Data extract: Begin

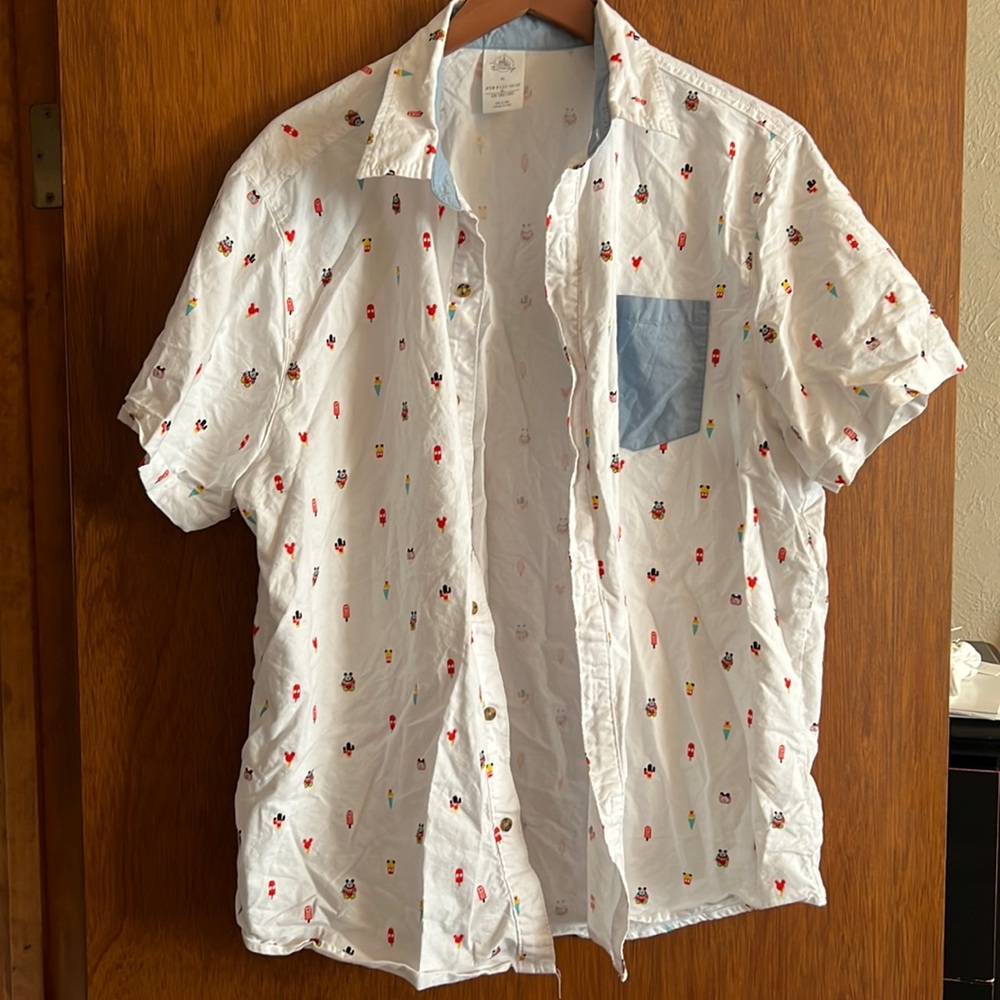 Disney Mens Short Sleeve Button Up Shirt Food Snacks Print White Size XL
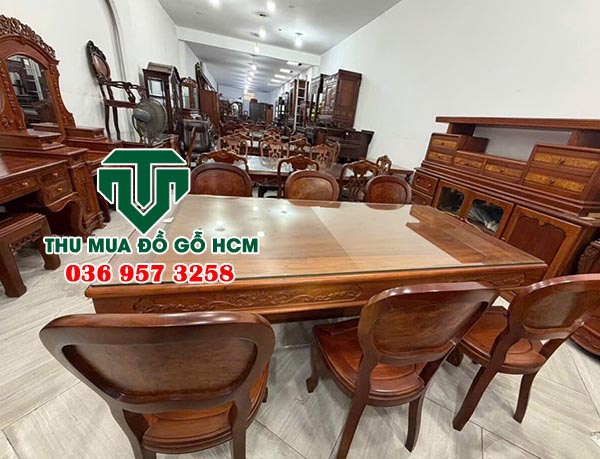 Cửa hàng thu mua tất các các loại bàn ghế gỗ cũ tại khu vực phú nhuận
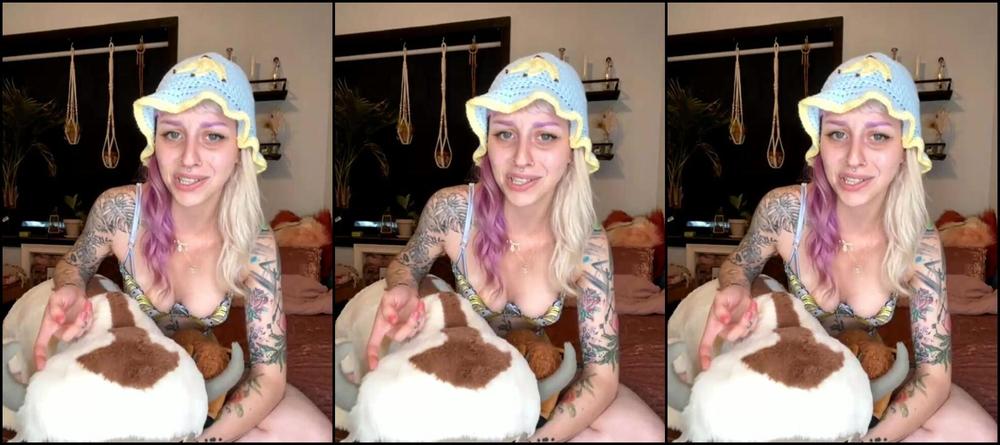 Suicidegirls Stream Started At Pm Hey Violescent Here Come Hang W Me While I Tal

Data extract: End

Please transcribe the listing above verbatim and exclude every picture.

 Disney Mens Short Sleeve Button Up Shirt Food Snacks Print White Size XL
 Cửa hàng thu mua tất các các loại bàn ghế gỗ cũ tại khu vực phú nhuận
 Suicidegirls Stream Started At Pm Hey Violescent Here Come Hang W Me While I Tal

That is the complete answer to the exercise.